@django

cc @mariusor

@django
>c2s
But why though? Basically nothing uses that besides an android app that probably hasn't been update in 5+ years.

@django Apparently AndStatus is still developed, so it is still used by something. That said the c2s interface in Pleroma was to be turned off by default I think due to lack of maintenance and recent security issues discovered in it.

@phnt I saw the issue. Do you know if it has been confirmed? (The timing is unfortunate)

@django There has been some talk about it around the 2.9.1 release months ago iirc, but nothing since. One of the Akkoma maintainers also disclosed recently some information disclosure issues that might affect c2s, so the subject might come up again. But if someone is willing to maintain it and fix issues, it will probably likely stay.

Not sure if Akkoma still has support for it enabled since they have a habit of removing features and options from BE.

@phnt I asked about C2S support in their issue queue, and they said they had more or less ripped everything C2S out of the codebase. The vulnerability was reported to Pleroma a few days later 🫤

@django Apparently the vulnerability is exactly what I found months ago and never investigated until two days ago

phnt@fluffytail.org fwiw some of us AP devs have identified that end user applications may not be the ideal (or even the only) use case for C2S.

A more interesting approach would be to pair it with OAuth2 authentication and use the C2S API as a transport layer in a server to server context. Performing actions on behalf of another user.

A more traditional API (e.g. Mastodon API) would be used to communicate with end user apps/sessions etc.

cc django@social.coop

@julian

Yeah a few of us had a good chat about that approach at the last #fediforum and we're now prototyping that in Bonfire at the moment, as a way to easily add federation capability to non-federated webapps (eg. for an events/calendar app to publish events by just POSTing a JSON with the event info via C2S to a bonfire server).

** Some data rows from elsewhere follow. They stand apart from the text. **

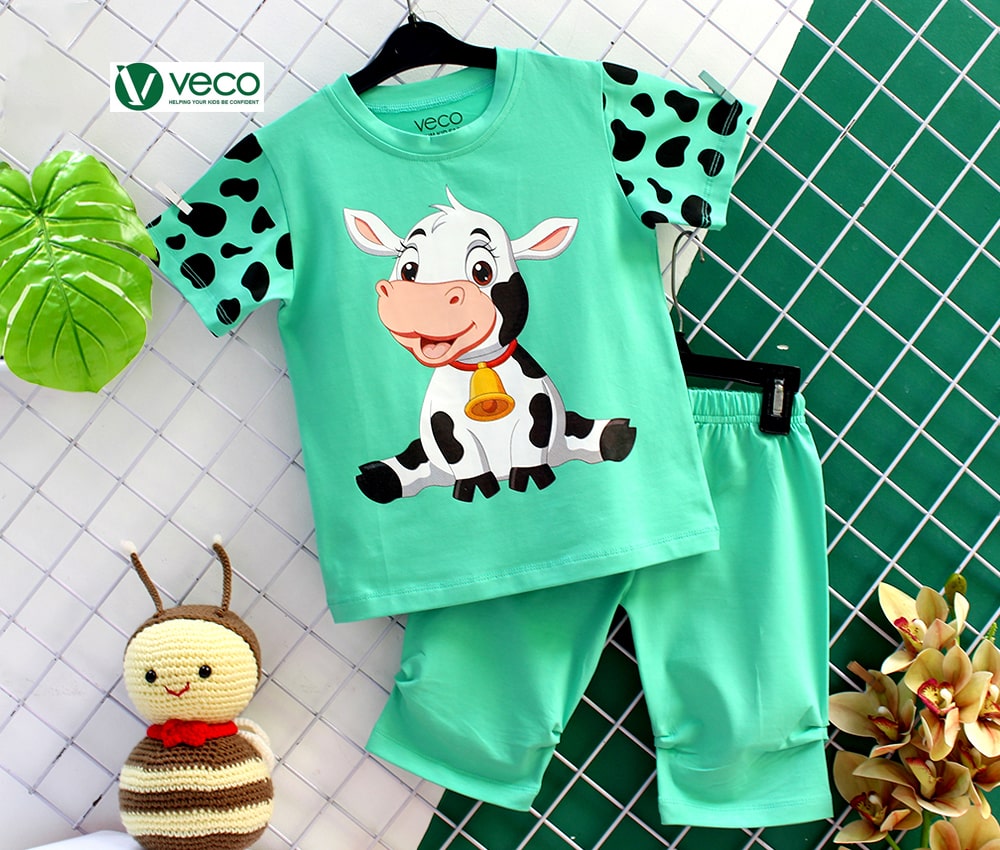 Xưởng may quần áo trẻ em xuất khẩu giá sỉ VECO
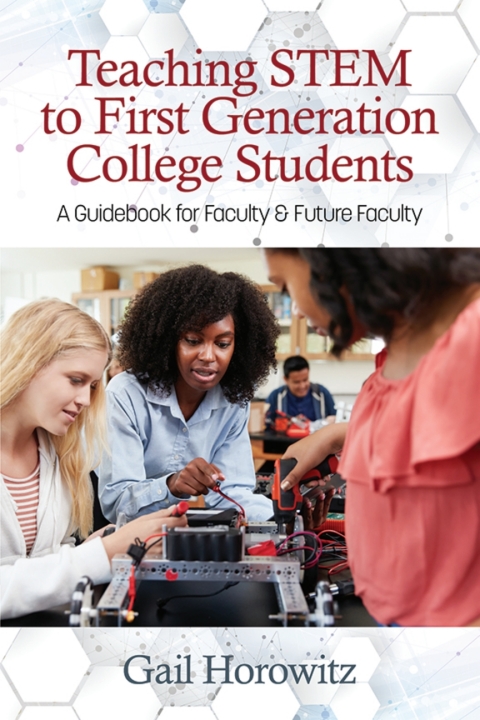 Cover image for book Teaching Stem to First Generation College Students
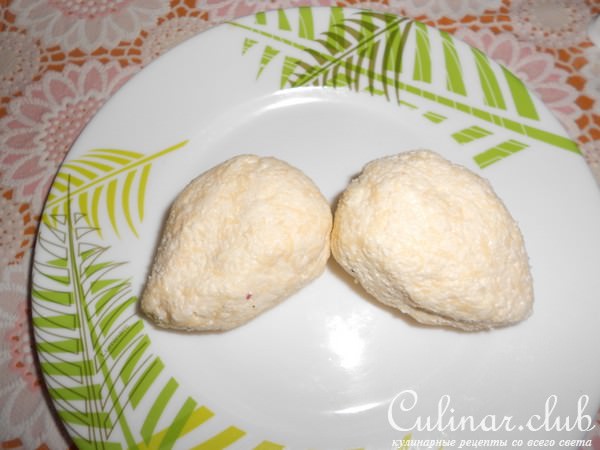 Сырная закуска "Еловые шишки"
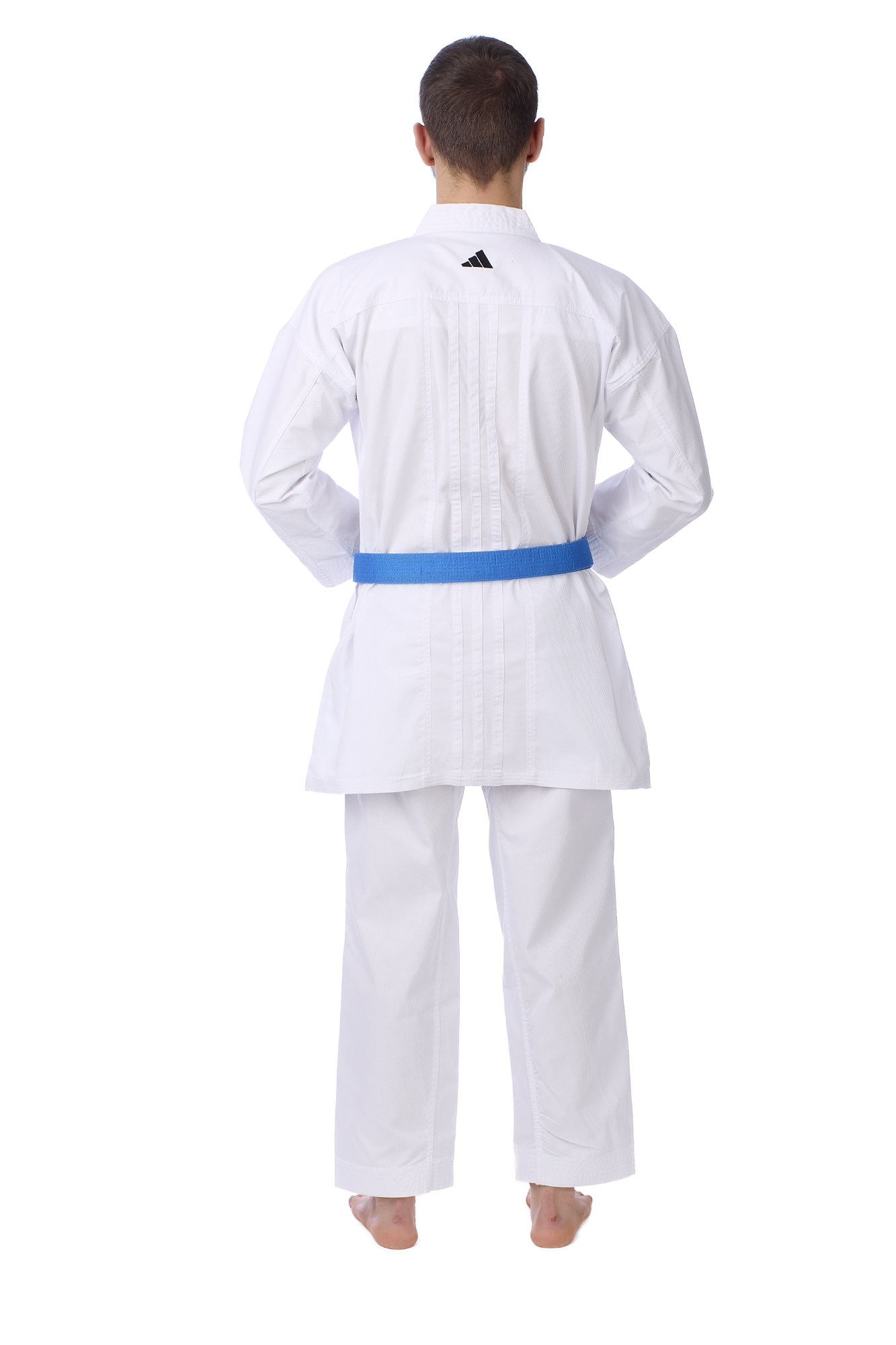Karate-WKF-white-Modell-0440 adidas Karateanzug Kumite Fighter DNA, K220DNA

@phnt@fluffytail.org @django

mayel@sunbeam.city yessss! That's amazing to hear. NodeBB doesn't support the OAuth2 piece yet, but I am looking forward to getting started!

@django AP C2S has been disabled in Pleroma since 2.9.0, commit: https://git.pleroma.social/pleroma/pleroma/-/commit/d6a136f823c6e749e6d2c4a0f80202f0d7c5a960

Also I've noticed that it doesn't like Content-Type: activity/activity+json and can be quirky with cc/to so I'm not really a fan. I couldn't make a reply to a thread that would properly show up in FE. The parent was always not visible in the thread view, but visible when hovering over the "Replying to <user>" UI element. Probably something weird with addressing I'm missing.

@julian @django
>use the C2S API as a transport layer in a server to server context. Performing actions on behalf of another user.
Incredibly cursed and another case of "I can doesn't mean I should". I don't think that pretending to be a user should ever be done unless necessary (such as the case of automatic follow acceptance). Especially when it requires external authentication like OAuth2. At least with S2S you can use actor keys, but such concept does not exist in C2S. Not to mention that now none of the big ActivityPub server implementations support C2S (Mastodon, Pleroma, Misskey), so you are stuck in a bubble you are creating yourself.

Honestly, I would appreciate if the work that is being done to create toys around AP was instead focused on fixing the complete mess of a specification and making a v2 spec that isn't ambiguous and open-ended as a typical corporate privacy policy.

@phnt no me gusta, but it explains why it didn’t work on one instance I tested.